Hervorragend, aber kein Muss
Unterm Strich ist das iPhone 7 ein hervorragendes Smartphone, das einige wichtige Verbesserungen aufweist. Vor allem die neuen Kameras, der optische Bildstabilisator im kleinen Gerät und der Wasserschutz sind hier zu nennen. Die fehlende Klinkenbuchse ist grundsätzlich wahrscheinlich ein Schritt in die richtige Richtung, für Besitzer hochwertiger Kabel-Kopfhörer aber eine bittere Pille. Insgesamt sind die Unterschiede zu den 6s-Modellen nicht so groß, dass sich für deren Besitzer ein Kauf wirklich lohnt. Auch wer ein iPhone 6 hat, kann ruhig noch ein Jahr warten.
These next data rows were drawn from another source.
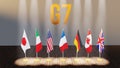 G7 summit or meeting concept. Row from flags of members of G7 group of seven and list of countries, 3d illustration Royalty Free Stock Photo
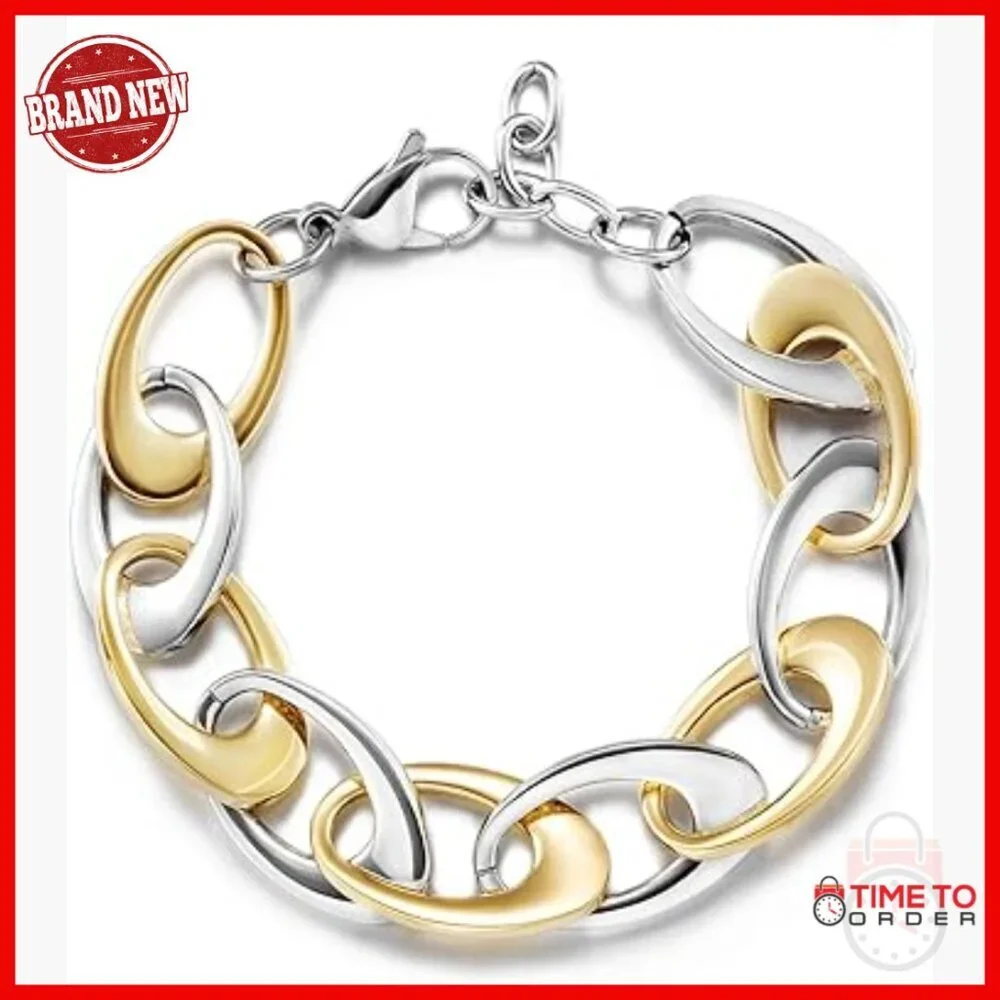 Adjustable Stainless Steel Link Bracelet, Fits 7-9 Inch Wrists, Gift Ready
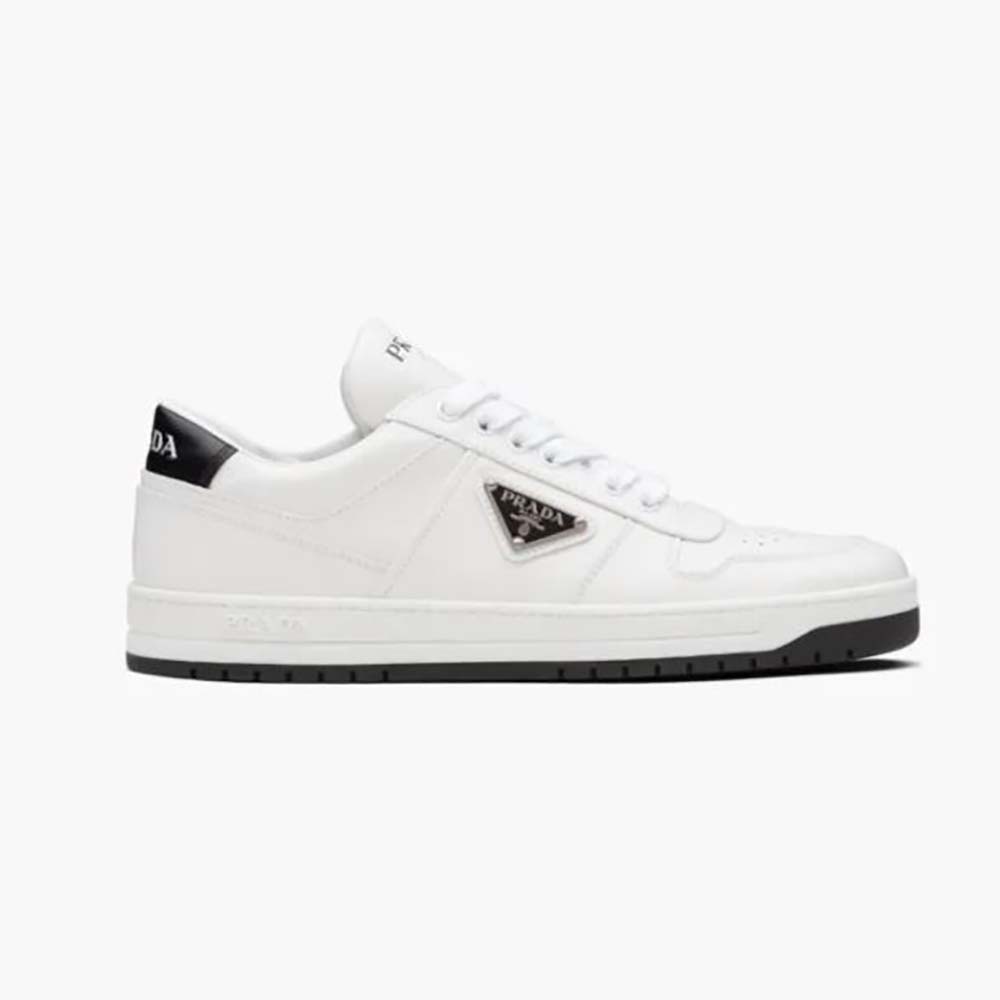 Side view of Prada Women Downtown Perforated Leather Sneakers-White showing perforation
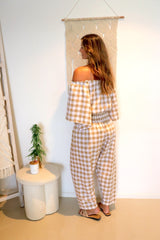 Hermosa On or off the Shoulders Top Cotton Gingham Latte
Eigentümer eines älteren Geräts können zugreifen, ein besseres Smartphone werden sie zurzeit kaum finden.
Wenn man nicht auf iPhones fixiert ist, sind Samsungs Galaxy S7 oder Galaxy Note 7 durchaus Alternativen. Allerdings darf man dann nicht so lange und so schnell mit Firmware-Updates rechnen wie bei iPhones. Bei Googles neuen Pixel-Modellen, die im Oktober herauskommen, wäre dies zwar der Fall, deren Qualität ist aber noch nicht bekannt. Wer einen starken Android-Puristen sucht, ist hier sicher mit dem Huawei Nexus 6P gut bedient, das mit 32 Gigabyte bereits ab 425 Euro zu haben ist.